Facile salire sul pulpito e predicare meglio del proprio parroco? Più di qualche fedele l’avrà pensato. Può darsi che il destro gli sia stato offerto dall’improvvisazione del sacerdote. Eppure un pastore d’anime sa che non può sbagliare una parola in determinate circostanze come un funerale, le prime comunioni, un matrimonio. I presenti non dimenticheranno facilmente.
Quel fedele potrebbe pure sentirsi incoraggiato nella sua critica da sant’Agostino che diceva: l’omelia deve “istruire, piacere, persuadere”. A consolazione questa volta dei sacerdoti si può però ricordare che spesso l’illustre filosofo, retore e padre della Chiesa, doveva ogni tanto mandare il suo diacono a svegliare i fedeli.

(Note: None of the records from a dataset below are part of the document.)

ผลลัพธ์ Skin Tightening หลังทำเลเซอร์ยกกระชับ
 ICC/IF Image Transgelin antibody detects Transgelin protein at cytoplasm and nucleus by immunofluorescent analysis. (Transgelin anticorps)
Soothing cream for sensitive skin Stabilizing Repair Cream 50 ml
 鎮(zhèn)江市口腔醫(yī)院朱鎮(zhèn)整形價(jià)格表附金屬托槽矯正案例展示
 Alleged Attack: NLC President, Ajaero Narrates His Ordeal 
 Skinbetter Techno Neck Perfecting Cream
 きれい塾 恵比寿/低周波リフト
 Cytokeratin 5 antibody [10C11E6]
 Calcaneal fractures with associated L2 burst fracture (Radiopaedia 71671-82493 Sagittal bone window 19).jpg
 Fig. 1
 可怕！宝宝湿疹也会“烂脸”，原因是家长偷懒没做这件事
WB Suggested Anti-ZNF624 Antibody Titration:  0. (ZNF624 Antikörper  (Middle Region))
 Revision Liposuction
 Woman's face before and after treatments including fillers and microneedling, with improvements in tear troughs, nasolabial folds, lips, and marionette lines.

Messi da parte questi preliminari, tutto sommato simpatici, fedeli e sacerdoti, compresi anche i praticanti saltuari, va rimarcato che l’omelia è un atto liturgico. “Si raccomanda – scrive la Costituzione liturgica del Vaticano II al n° 52 – vivamente l’omelia, che è parte dell’azione liturgica. In essa nel corso dell’anno liturgico vengano presentati i misteri della fede e le norme della vita cristiana, attingendoli dal testo sacro”.
Per questa ragione la Chiesa, attraverso la Congregazione per il culto divino e la disciplina dei sacramenti, ha deciso, su invito di Benedetto XVI e secondo un progetto già in corso da tempo, di emanare un Direttorio omiletico, per ora consegnato alle Conferenze episcopali, che in seguito diventerà pubblico.
Il documento si muove sostanzialmente su due versanti. Che cosa comunicare? Il primo versante attiene alla natura, al che cos’è dell’omelia, al contesto e funzione dell’omelia. Non meno importante è l’altro corno del problema. Come comunicare il messaggio? Come tessere insieme contenuti e modi, significati e “significanti”? Senza mai dimenticare che per il messaggio è fondamentale il modo, ossia il mezzo, per dirla con Marshall McLuhan.
“L’omelia sia che spieghi – scrive il messale romano nell’introduzione – la parola di Dio annunziata nella Sacra Scrittura o un altro testo liturgico, deve guidare la comunità dei fedeli a partecipare attivamente all’Eucaristia, perché esprimano nella vita ciò che hanno ricevuto mediante la fede. Con questa viva esposizione la proclamazione della Parola di Dio e le celebrazioni della Chiesa possono ottenere una maggiore efficacia a patto che l’omelia sia davvero frutto di meditazione, ben preparata, non troppo lunga né troppo breve, e che in essa ci si sappia rivolgere a tutti presenti, compresi i fanciulli e la gente semplice”.
Ora i contenuti vanno attinti dalla Scrittura, dalla liturgia stessa, dalla dottrina della Chiesa e dal magistero; vanno però inseriti nella cultura, nei problemi, nelle esigenze dell’assemblea liturgica. Mica è poco! È il contesto socioculturale.
Ma l’omelia come ogni comunicazione deve diventare “esistenza” comunicativa. Non può restare un blà blà! di chiacchiere inutili. È imparare per vivere, è immedesimarsi nella celebrazione per applicare a sé stessi e alla propria vita.
Il sacerdote deve dunque essere dotato sia di competenza sia di esistenza comunicativa. Che significa per l’omileta, per il presidente dell’assemblea liturgica? Certamente valgono le sue qualità per così dire di oratore. Contano la sua preparazione, la sua competenza. Queste, tuttavia, potrebbero pure essere brillanti ma a nulla varrebbero se non fosse considerato e sentito come un testimone di ciò che predica. Conta insomma la sua vita, quale messaggio subliminale: in soldoni conta l’esempio. Si ricordi il modo di esprimersi quasi impacciato di Madre Teresa di Calcutta ma sempre efficace.
Coniugare insieme tutto questo richiederebbe delle qualità sovrumane così da scoraggiare chiunque. Se (l’omileta) non sapesse di poter confidare nella forza che viene da Dio. Agostino di Ippona notava di sé stesso: “Anche a me il mio parlare non piace quasi mai. Vorrei solo esprimermi meglio”. Vale anche per ogni sacerdote.